*WORK INSTRUCTIONS:* In the entries below, find the line with "VIDEO: Europoslanec hajloval" and the line with "祭火崇拜 原始彝族阿细人的赤裸狂欢"; give again those lines and every line between them, exactly.

Records from a dataset:
···

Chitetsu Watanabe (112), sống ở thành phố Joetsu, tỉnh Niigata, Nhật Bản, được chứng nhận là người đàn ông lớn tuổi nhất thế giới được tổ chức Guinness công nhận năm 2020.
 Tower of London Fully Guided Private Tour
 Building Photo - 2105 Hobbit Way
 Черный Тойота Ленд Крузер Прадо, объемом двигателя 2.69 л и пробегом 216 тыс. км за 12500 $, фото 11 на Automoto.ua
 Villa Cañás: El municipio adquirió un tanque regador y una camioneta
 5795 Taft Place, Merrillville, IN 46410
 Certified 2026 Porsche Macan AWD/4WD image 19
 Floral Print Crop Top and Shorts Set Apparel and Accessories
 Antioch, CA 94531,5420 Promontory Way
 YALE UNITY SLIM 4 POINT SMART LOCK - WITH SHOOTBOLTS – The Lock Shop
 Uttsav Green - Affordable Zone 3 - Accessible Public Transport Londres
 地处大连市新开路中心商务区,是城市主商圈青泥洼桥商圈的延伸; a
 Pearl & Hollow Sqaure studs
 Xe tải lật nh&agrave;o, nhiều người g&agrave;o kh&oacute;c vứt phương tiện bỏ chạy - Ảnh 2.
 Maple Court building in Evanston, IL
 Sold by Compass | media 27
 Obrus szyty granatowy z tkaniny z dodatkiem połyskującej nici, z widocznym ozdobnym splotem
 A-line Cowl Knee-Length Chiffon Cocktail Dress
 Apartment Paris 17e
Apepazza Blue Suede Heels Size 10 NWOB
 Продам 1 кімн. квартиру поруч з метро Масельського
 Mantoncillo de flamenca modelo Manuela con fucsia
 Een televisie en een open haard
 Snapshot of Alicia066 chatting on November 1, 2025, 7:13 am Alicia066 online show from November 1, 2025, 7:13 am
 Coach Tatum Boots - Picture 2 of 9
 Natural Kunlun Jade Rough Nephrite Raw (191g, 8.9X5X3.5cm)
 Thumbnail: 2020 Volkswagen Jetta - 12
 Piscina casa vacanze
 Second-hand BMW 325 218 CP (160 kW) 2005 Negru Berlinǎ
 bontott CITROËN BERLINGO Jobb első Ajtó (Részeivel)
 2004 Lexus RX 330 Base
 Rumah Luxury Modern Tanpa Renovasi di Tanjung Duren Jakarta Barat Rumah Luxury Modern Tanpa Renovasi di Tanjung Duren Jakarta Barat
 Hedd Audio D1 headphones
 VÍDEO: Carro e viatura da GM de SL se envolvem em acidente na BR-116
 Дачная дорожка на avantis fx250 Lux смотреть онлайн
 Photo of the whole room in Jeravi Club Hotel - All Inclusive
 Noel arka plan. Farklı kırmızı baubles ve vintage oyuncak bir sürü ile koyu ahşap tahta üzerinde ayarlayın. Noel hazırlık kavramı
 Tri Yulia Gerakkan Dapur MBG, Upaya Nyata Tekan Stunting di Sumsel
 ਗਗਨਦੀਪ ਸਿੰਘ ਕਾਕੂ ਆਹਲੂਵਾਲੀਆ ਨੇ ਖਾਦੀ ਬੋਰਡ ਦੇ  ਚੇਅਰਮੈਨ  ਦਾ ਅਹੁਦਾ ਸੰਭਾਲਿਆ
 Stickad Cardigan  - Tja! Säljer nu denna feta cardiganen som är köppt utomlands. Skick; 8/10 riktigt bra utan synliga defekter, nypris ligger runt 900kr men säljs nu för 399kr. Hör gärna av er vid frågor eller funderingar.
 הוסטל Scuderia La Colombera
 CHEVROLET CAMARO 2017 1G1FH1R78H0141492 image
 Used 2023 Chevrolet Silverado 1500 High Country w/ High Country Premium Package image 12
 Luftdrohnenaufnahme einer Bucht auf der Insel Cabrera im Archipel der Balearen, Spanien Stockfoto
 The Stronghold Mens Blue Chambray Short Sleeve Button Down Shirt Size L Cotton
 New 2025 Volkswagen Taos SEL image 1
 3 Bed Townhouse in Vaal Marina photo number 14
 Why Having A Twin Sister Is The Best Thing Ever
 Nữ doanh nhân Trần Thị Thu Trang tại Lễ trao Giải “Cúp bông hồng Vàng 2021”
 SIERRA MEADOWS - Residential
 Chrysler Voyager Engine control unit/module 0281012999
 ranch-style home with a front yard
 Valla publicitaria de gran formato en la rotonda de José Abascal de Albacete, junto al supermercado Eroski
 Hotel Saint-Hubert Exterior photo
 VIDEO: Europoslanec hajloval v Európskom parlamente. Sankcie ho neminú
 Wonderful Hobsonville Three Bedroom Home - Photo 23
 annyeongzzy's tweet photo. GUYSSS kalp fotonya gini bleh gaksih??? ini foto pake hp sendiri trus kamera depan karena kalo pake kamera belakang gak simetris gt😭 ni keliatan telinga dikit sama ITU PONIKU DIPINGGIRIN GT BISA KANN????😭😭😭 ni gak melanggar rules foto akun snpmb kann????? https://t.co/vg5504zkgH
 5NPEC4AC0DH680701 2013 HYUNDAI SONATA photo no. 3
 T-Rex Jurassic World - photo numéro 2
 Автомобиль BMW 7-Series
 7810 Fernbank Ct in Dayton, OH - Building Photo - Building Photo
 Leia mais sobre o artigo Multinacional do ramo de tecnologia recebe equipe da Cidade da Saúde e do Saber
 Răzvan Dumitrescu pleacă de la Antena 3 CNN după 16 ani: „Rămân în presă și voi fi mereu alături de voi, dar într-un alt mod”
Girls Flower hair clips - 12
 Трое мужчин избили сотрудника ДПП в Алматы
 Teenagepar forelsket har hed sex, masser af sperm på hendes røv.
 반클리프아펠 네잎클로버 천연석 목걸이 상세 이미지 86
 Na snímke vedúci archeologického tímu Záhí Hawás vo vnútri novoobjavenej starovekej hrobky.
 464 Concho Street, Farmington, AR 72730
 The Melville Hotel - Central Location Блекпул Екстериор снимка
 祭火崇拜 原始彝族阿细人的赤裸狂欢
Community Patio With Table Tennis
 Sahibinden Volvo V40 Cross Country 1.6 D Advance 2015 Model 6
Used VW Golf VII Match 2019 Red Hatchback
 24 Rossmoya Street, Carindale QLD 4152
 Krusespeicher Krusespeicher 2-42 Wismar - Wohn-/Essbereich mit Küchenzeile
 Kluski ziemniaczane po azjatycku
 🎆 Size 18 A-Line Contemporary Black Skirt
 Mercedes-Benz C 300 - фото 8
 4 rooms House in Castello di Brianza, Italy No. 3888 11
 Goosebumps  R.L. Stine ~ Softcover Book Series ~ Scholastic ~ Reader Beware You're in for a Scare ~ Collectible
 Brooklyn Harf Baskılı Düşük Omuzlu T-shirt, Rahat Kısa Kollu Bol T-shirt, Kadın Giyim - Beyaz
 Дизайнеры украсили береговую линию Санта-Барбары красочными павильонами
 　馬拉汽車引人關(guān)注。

···

*ANSWER BOX:*
 VIDEO: Europoslanec hajloval v Európskom parlamente. Sankcie ho neminú
 Wonderful Hobsonville Three Bedroom Home - Photo 23
 annyeongzzy's tweet photo. GUYSSS kalp fotonya gini bleh gaksih??? ini foto pake hp sendiri trus kamera depan karena kalo pake kamera belakang gak simetris gt😭 ni keliatan telinga dikit sama ITU PONIKU DIPINGGIRIN GT BISA KANN????😭😭😭 ni gak melanggar rules foto akun snpmb kann????? https://t.co/vg5504zkgH
 5NPEC4AC0DH680701 2013 HYUNDAI SONATA photo no. 3
 T-Rex Jurassic World - photo numéro 2
 Автомобиль BMW 7-Series
 7810 Fernbank Ct in Dayton, OH - Building Photo - Building Photo
 Leia mais sobre o artigo Multinacional do ramo de tecnologia recebe equipe da Cidade da Saúde e do Saber
 Răzvan Dumitrescu pleacă de la Antena 3 CNN după 16 ani: „Rămân în presă și voi fi mereu alături de voi, dar într-un alt mod”
Girls Flower hair clips - 12
 Трое мужчин избили сотрудника ДПП в Алматы
 Teenagepar forelsket har hed sex, masser af sperm på hendes røv.
 반클리프아펠 네잎클로버 천연석 목걸이 상세 이미지 86
 Na snímke vedúci archeologického tímu Záhí Hawás vo vnútri novoobjavenej starovekej hrobky.
 464 Concho Street, Farmington, AR 72730
 The Melville Hotel - Central Location Блекпул Екстериор снимка
 祭火崇拜 原始彝族阿细人的赤裸狂欢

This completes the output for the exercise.